Would you please transcribe the records below exactly, leaving out the pictures?
___ DATASET ___
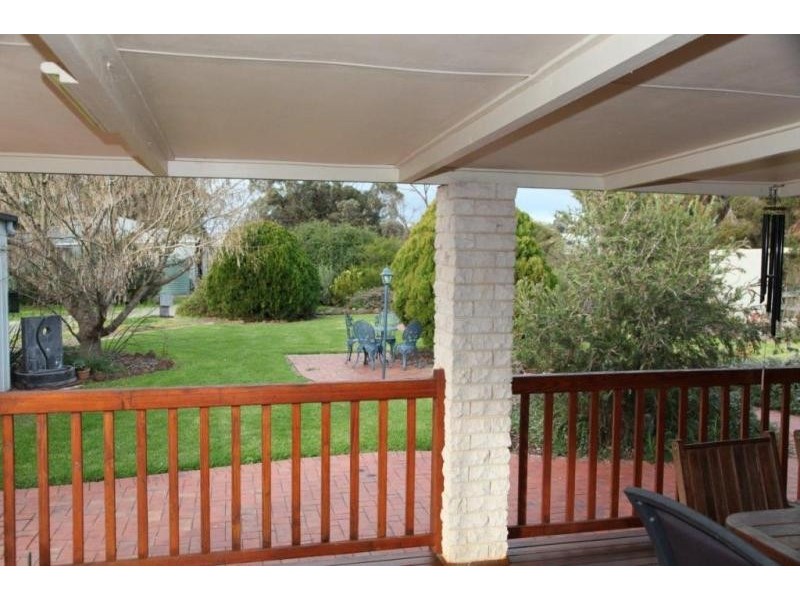 8 Parkview Drive, Serpentine VIC 3517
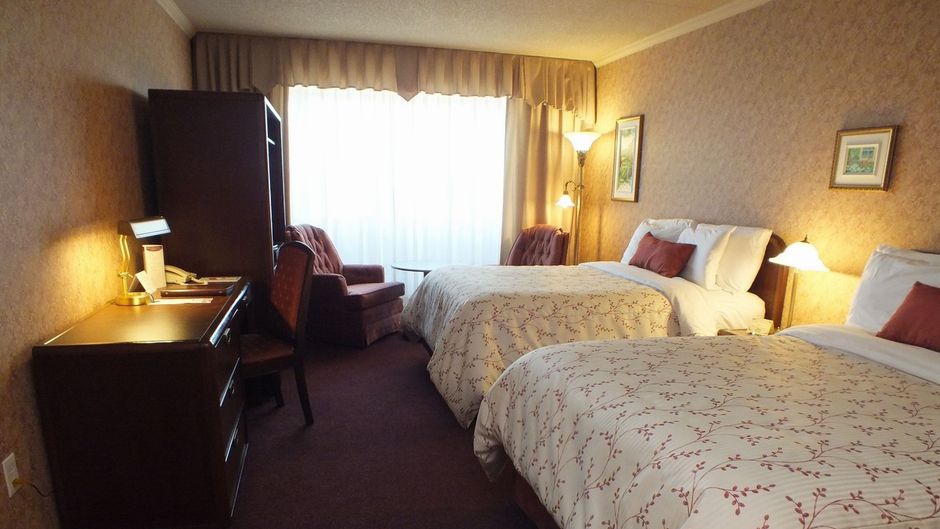 Hotel Rimouski and Convention Centre Room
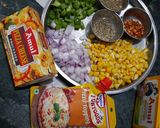 ચીઝ બર્સ્ટ બ્રેડ પીઝા (Cheese Burst Bread Pizza Recipe In Gujarati) રેસીપી સ્ટેપ2ફોટો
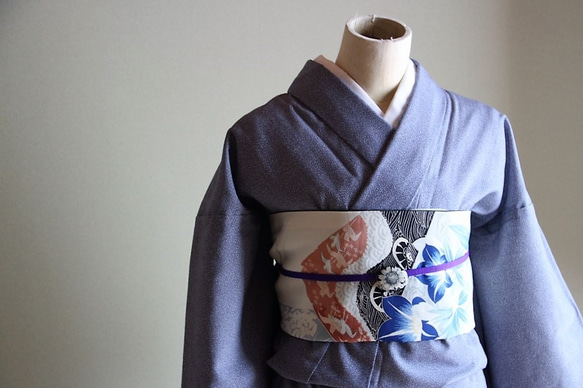 アラベスク　幾何学模様　小紋着物 白と青の花柄 やまと アラベスク 幾何学模様 小紋着物 白と青の花柄 やまと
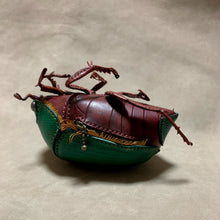 Load image into Gallery viewer, アオドウガネのポーチ Anomala albopilosa pouch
___
§ OUTPUT
 8 Parkview Drive, Serpentine VIC 3517
 Hotel Rimouski and Convention Centre Room
 ચીઝ બર્સ્ટ બ્રેડ પીઝા (Cheese Burst Bread Pizza Recipe In Gujarati) રેસીપી સ્ટેપ2ફોટો
 アラベスク　幾何学模様　小紋着物 白と青の花柄 やまと アラベスク 幾何学模様 小紋着物 白と青の花柄 やまと
 Load image into Gallery viewer, アオドウガネのポーチ Anomala albopilosa pouch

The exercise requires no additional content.